Belafonte: Film History 101

Academy Of Motion Picture Arts And Sciences' 2014 Governors Awards - Show

Last night I was watching the acceptance speech Harry Belafonte gave after receiving the Humanitarian Award from The Academy of Motion Picture Arts and Sciences. He is someone I have admired greatly for years, more for his activism and work with youth, than his acting. I prefer his musical performances to his dramatic ones. But having worked in film at a time before racial integration, the projects he chose to work in were deliberate in their revolutionary positions on race, social justice and class structure. Even he has said that he never wanted to be an actor for any other reason than to have a platform from which to positively affect social change.

My favorite part of his acceptance speech is when he began to reverently and expertly break down the fundamental ways in which films like “Birth of A Nation” and “Tarzan,” while admittedly innovative for the time, helped to invent and stereotype popular ideas about who Black Americans and Black Africans were, to in effect plant the seed of hatred in the minds of Whites and Blacks alike. Even Belafonte was impressed as a young person, watching “Tarzan” for the first time. But he was clear that for people of color, awe and amazement were quickly stamped out by images of themselves that evoked and reflected the base fears of a dominant white culture that were bent on maintaining power over this medium by keeping aesthetic ideals of intelligence, beauty and heroism as white as could be.

That hasn’t changed by the way.

As an avid film lover with a degree in Media and Social Issues and as a woman of color I make it a point not only to study film but to try my best to understand what I am consuming when I watch films. Since the dawn of filmmaking there has only been one story to tell albeit in many different ways. The story is of humanity. We cannot tell any other story but this. Even in nature documentaries about animals, ecosystems, planets, everything that is being studied, or explored, or interpreted is being done through the human mind. We like mirrors. We hate mirrors. But if we do not look, we can never know we exist, how and for what reasons.

The medium of film has been co-opted by the dominate culture for decades but the stories of humanity within them that have been allowed into the mainstream have been broad, compelling, heartbreaking, transcendent, universal and beautiful nonetheless. Like any form of art, you can find the voices you’re looking for even if they are not released by the big studios. But you have to look. And if you can’t find the voice you’re looking for, try using your own or supporting and encouraging those around you which hold promise.

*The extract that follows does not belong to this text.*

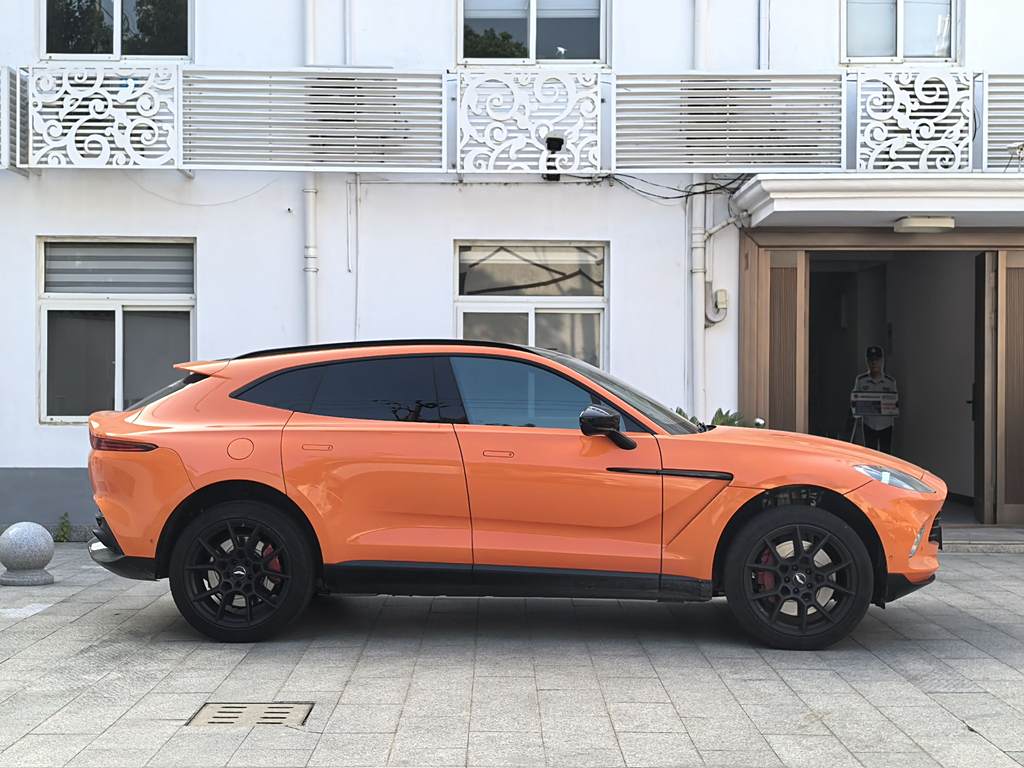 Aston Martin DBX 2022 4.0T V8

I know without looking at my film collection that it is primarily made up of white casts, and white directors. I can also guess that the majority of these directors are male. This is the world I live in. I can see myself in a story that does not include characters that look like me because as humans, we all share the human experience. But humane portrayal in film is not always shared equally across race and gender. Types stick. Genres and formulas generate buzz and bring in millions. And the deep psychological effects of racism and sexism play out on the big screen and the small in ways we are often depended upon to overlook as consumers.  Being educated about the history of any medium of expression is to understand more about its present day incarnations and the ways in which the actual evolution or change in its depictions are usually more or less the same as they ever were for better or worse.

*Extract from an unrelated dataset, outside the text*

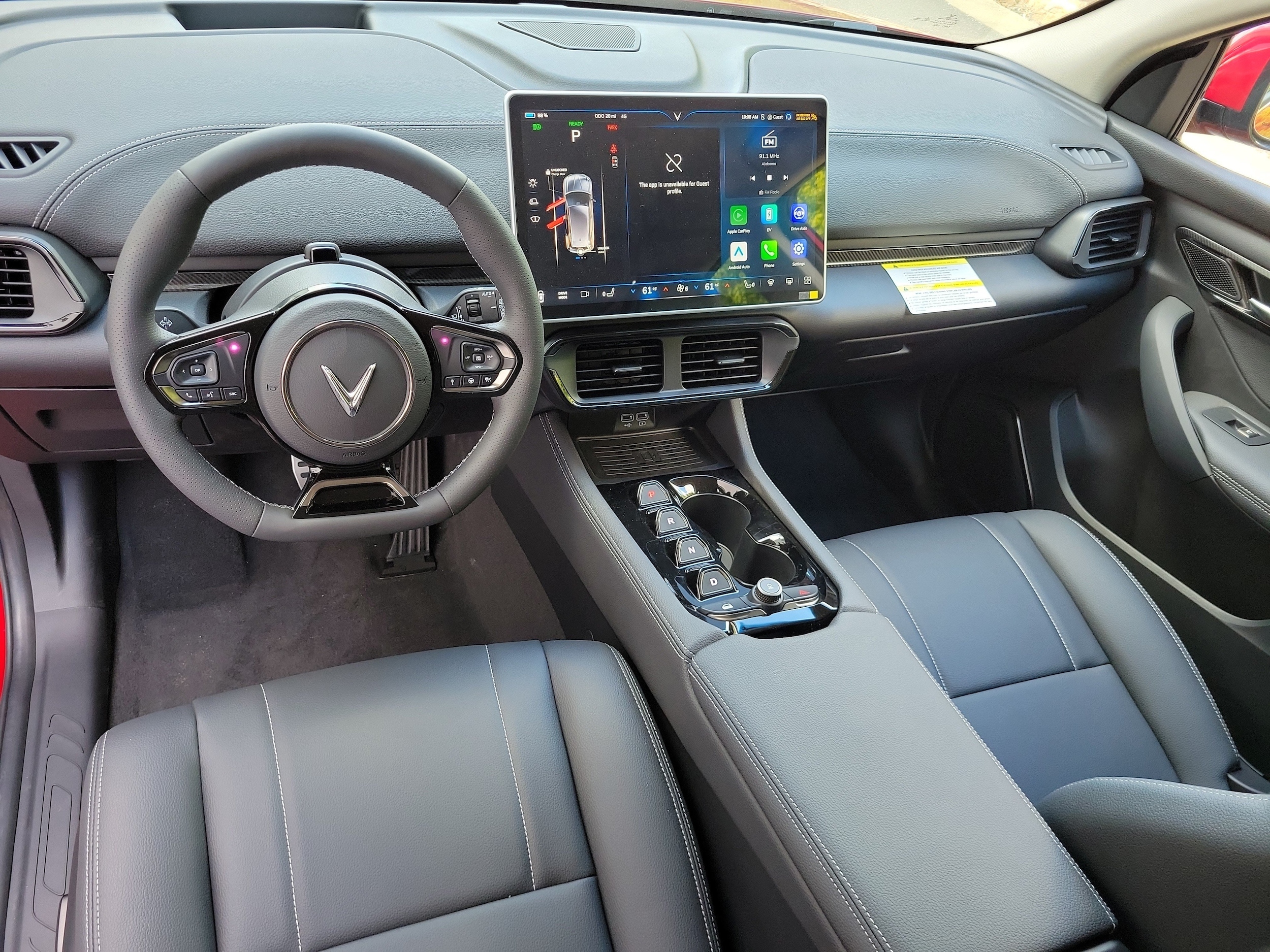 2025 VinFast VF 8 Eco - Photo 21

With regard to film and the role it plays in enlightenment, exploration and inciting movement, it’s not always change that’s necessary, but a realization about why we tell stories the way we do in the first place. Our  voices, stories, faces, our diversity is there.  It has been from the beginning in directors like Oscar Micheaux and performers like Paul Robeson, in films like “Black Orpheus” and “Sugar Cane Alley” The problem is in the monopolization of the dominate eye behind the camera. And you can always tell whose eye it is because the same trail of evidence is left behind in each frame.